• Given data
==*==
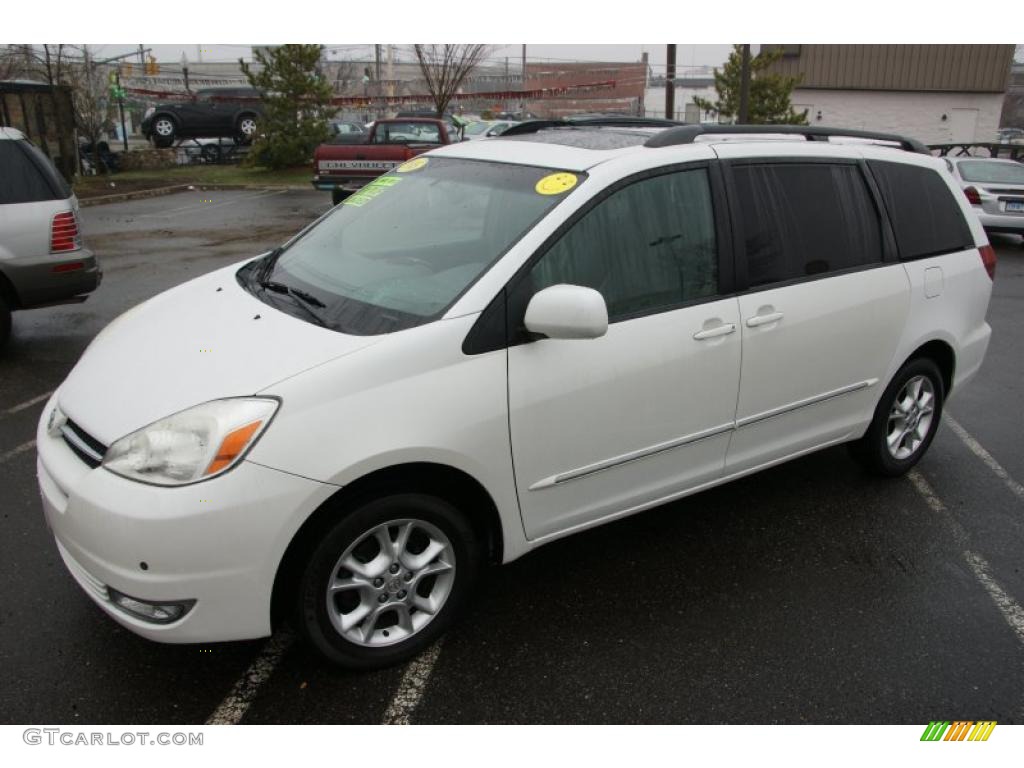 2005 Sienna XLE Limited AWD - Natural White / Taupe photo #1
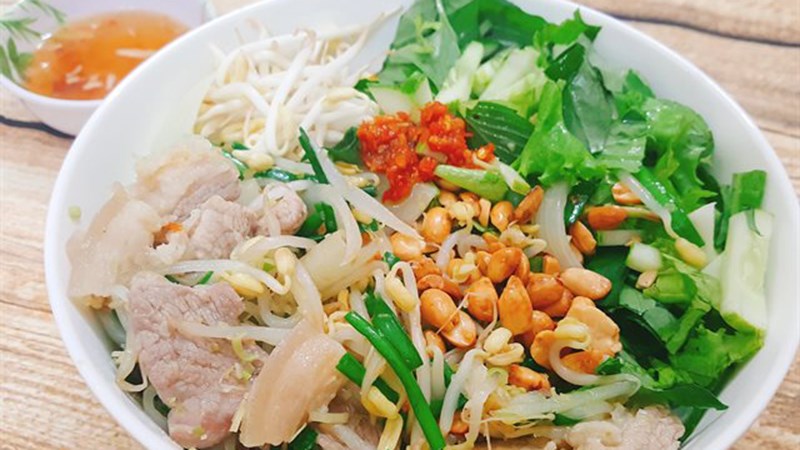 Bún thịt xào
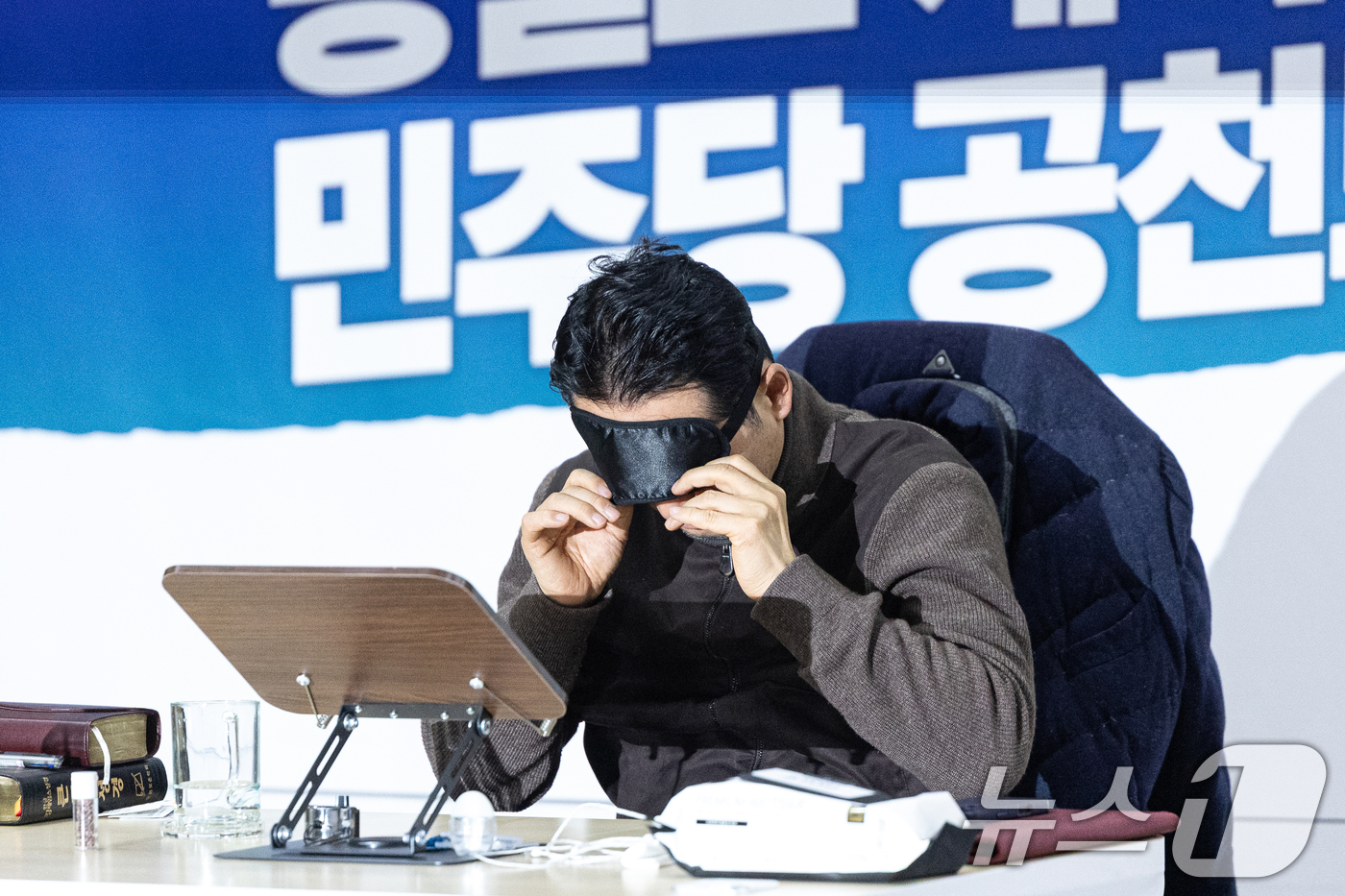 (서울=뉴스1) 이승배 기자 = 더불어민주당의 통일교 및 공천뇌물 특검 수용을 촉구하며 4일째 단식을 이어가고 있는 장동혁 국민의힘 대표가 18일 서울 여의도 국회 로텐더홀에서 안 …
==*==
Everything above except the pictures needs to be reproduced exactly.

• Response area
 2005 Sienna XLE Limited AWD - Natural White / Taupe photo #1
 Bún thịt xào
 (서울=뉴스1) 이승배 기자 = 더불어민주당의 통일교 및 공천뇌물 특검 수용을 촉구하며 4일째 단식을 이어가고 있는 장동혁 국민의힘 대표가 18일 서울 여의도 국회 로텐더홀에서 안 …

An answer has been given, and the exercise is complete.